Why is the conditional entropy defined as $H(Y\mid X) = \sum_{x\in X} p_X(x) H (Y\mid X = x)$

164 Views Asked by At

In the book "Elements of Information Theory" $H(Y\mid X)$ is defined like that and then it's shown that this is

\begin{align*} H(Y\mid X) &= \sum_{x\in X} p_X(x) H (Y\mid X = x) \\ &= - \sum_{x\in X} \sum_{y \in Y} p(x,y) \log_2 p(y\mid x) \\ &= \mathbb{E}\big[ - \log_2 p(Y\mid X) \big] \\ &= - \mathbb{E}\big[\log_2 p(Y\mid X) \big] \end{align*}

I fail to understand why $H(Y\mid X)$ is actually "defined" like that. What's the justification for this definition?

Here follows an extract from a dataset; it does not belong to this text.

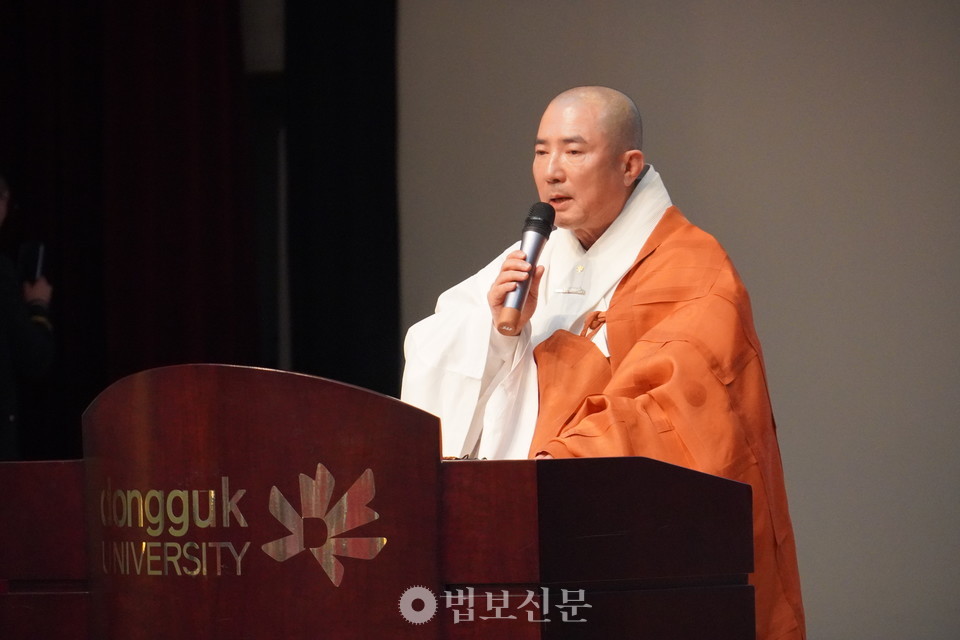 ��翡�� ������ �̻��� ���� ������ �����µ��� �ݼ��� �ѵ��� �庴���� ������ ���ѿ� ���������� ����ڡ���� ��������� ��ȭ�ϴ� �� ȯ�濡 ���� �������ɸ� ��� ������ ��ȭ�� �� źź�� ���� �缺 ü�踦 ����ڴ١��� ������.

I think I'm confused because

\begin{align*} H(Y,X) = - \sum_{x\in X \\y\in Y} p(x,y) \log_2 p(x,y) \end{align*}

but

\begin{align*} H(Y\mid X) \neq - \sum_{x\in X \\y\in Y} p(y\mid x) \log_2 p(y\mid x) \end{align*}

and I don't see why.

1

There are 1 best solutions below

5
On

A random variable $Y$ has an entropy $H(Y)$, which gives you the amount of information (in bit), required to describe the random variable, on average. When using the conditional entropy, we have some extra information, described with random variable $X$, that is, hopefully, somehow correlated with $Y$. So, if, for example, $x_1 \in X$ happens, we would know that some outcomes of $Y$ are more probable. Assume $x_i\in X$ are possible outcomes of $X$. $H(Y|x_i)$ is the amount of information, required to exactly pinpoint an event in $Y$, on average, given that $x_i$ has happened. Finally, you have $H(Y|x_i)$ for all $x_i\in X$. Therefore, you should take the average of them, considering their probability of occurrence $p_X(x_i)$, to see how much information is required on average to pinpoint events of $Y$, given you have a stream of information from $X$.